Comparing the results for different countries using 90% confidence intervals (not shown here) does not result in any additional differences emerging between rates of intergenerational mobility for men from Dunedin and men in other countries. Even using 90% confidence intervals, differences between rates of intergenerational income mobility for New Zealand women from Dunedin and women in other countries were not statistically significant. Our results suggest that rates of intergenerational income mobility for New Zealand men and women are probably within a similar range to rates of intergenerational income mobility in most other developed countries.
Other researchers comparing rates of intergenerational income mobility between countries have often initially reported similarly inconclusive findings (Björklund and Jäntti, 1997, pp. 1016-1017; Solon, 1999, p. 1787). Greater certainty about the relative position of countries has usually resulted from parallel analysis, which involves applying the same methods and methodological assumptions to datasets from different countries, and by increasing the number of cases included in regressions (Grawe, 2004, pp. 65-66, 70; Jäntti, et al., 2006, p. 1).

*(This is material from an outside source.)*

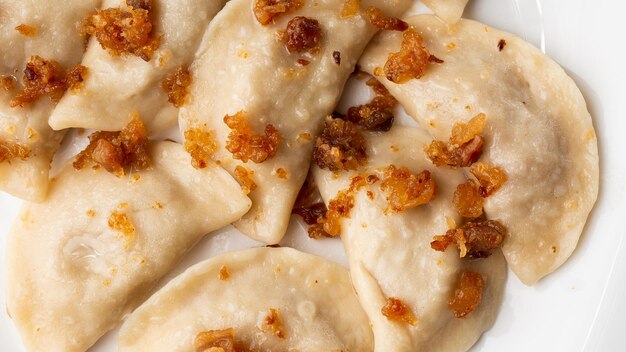 Traditional ukrainian dish vareniki served in a bowl with greaves and sour cream Close up view of traditional Ukrainian food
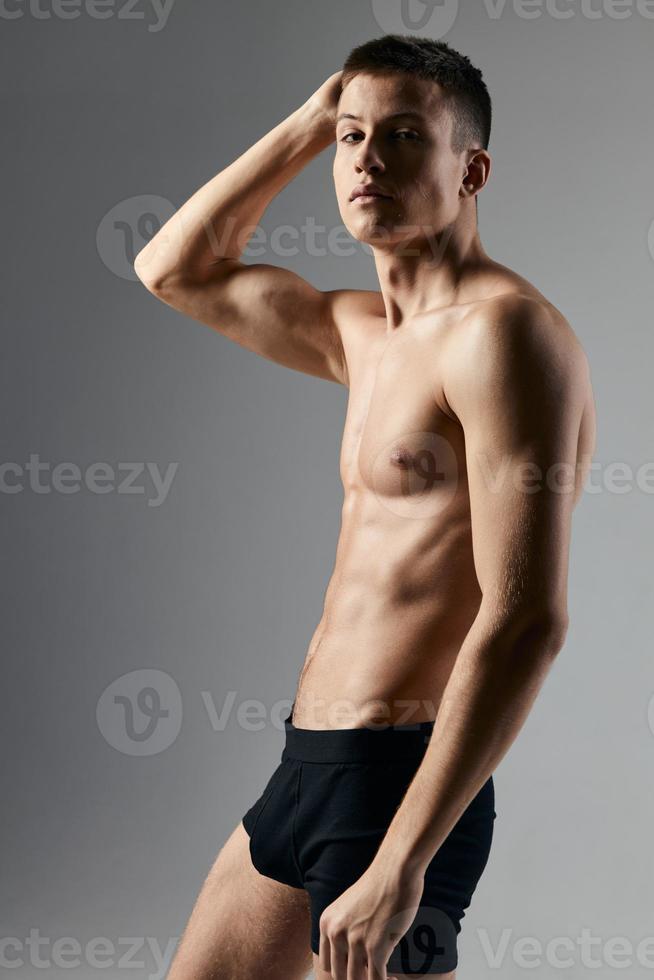 bodybuilder geschiktheid Mens met een opgewonden torso hand- achter hoofd grijs achtergrond model- foto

Future researchers could slightly increase the number of cases by imputing missing income data for parents of Dunedin Study participants from information on parents' occupation, education, age and employment status. This would reduce comparability with the results shown in Table 7, although some comparisons with results for other countries would be possible. Deriving the income of each parent in the top income group from other data, such as their occupation and education, could potentially produce a richer picture of the economic circumstances of some families. Imputing income from benefits when the participants were 13 could also improve the dataset. It would also be desirable to test the relationship between the income data and other measures of wellbeing, such as SES and self-assessed standard of living. The comprehensiveness of the Dunedin dataset would also make it possible to test how variables such as physical and mental health and childhood intelligence influence adult income.
The results from the Dunedin Study data could potentially be cross-validated using income data from the Christchurch Study of 1,265 children born in mid-1977. This cohort was last assessed at age 30. Although the Christchurch data would provide results for people who had grown up in a different geographic region, the results would be from a similar point in time and for a slightly younger age group. In the future, it might be possible to develop large national datasets containing the incomes of New Zealanders from government statistical records. This might make it possible to calculate intergenerational income mobility estimates with smaller standard errors, and to calculate estimates for people born in different time-periods. Despite potential privacy and data protection concerns (Lane and Maloney, 2002; Sinnott, 2000; Wilson, 2002), longitudinal analysis of detailed individual-level New Zealand benefit and employment data collected by the government has occurred (Dixon and Crichton, 2007; Wilson and Soughtton, 2009). However, researchers using administrative data to study intergenerational mobility would need to match individual-level historical data on parents with subsequent data on their grown-up children. This could be difficult (Corak and Heisz, 1999, p. 509). A new longitudinal study was launched in New Zealand in 2008-09, and if participants are tracked into their thirties and forties this study could also eventually be used to study intergenerational income mobility (Growing up in New Zealand, 2010).
Notes
- [33]We also contacted Markus Jäntti, John Ermisch and Andrew Leigh for further information about their research.
- [34]There are two sets of results for men in Canada and in the United States because the most comparable studies of intergenerational income mobility for men in these two countries did not include women.
- [35]The sample size is also similar to that for a study of men from Stockholm in Sweden, but data on standard errors for that study is not available (Gustafsson, 1994, pp. 82-84).
- [36]In a random sample or repeatable experiment the true population parameter value has a 95% likelihood of being contained within a 95% confidence interval. The confidence interval gives an estimated range expected to contain the true population parameter value in repeated random sampling or repeatable draws, of the same size, from a population. Table 7 shows that the intergenerational income elasticity point estimates for men and women born in Dunedin in 1972-73 are lower than the respective point estimates for British Cohort Study men and women who were born in Britain during a particular week in April 1970. Our confidence intervals suggest, however, that if we had equivalent income data for people born in Dunedin during other years in the early 1970s, our point estimates for intergenerational mobility would vary within a large range. This is because the results indicate that a sample drawn from a different year might yield different results simply because of random variation between people born in Dunedin during different years in the early 1970s. Similarly, the confidence intervals for Britain suggest that if we had equivalent income data for people born in Britain during other weeks during the early 1970s, the point estimates for Britain would also considerably vary. In other words, the results indicate that if the sample sizes were larger the point estimates for people from Dunedin and from Britain might change. Because the 90% and 95% confidence intervals for men and for women in these two countries overlap, we are therefore unable to conclude that intergenerational income mobility for men and women born in Dunedin during the early 1970s was higher than for men and women born in Britain during the early 1970s.
- [37]This difference also holds at a 10% level when we replace father’s income with parents’ income as the explanatory variable (and retain variables for the age and age squared of parents) to ensure comparability with the United States results.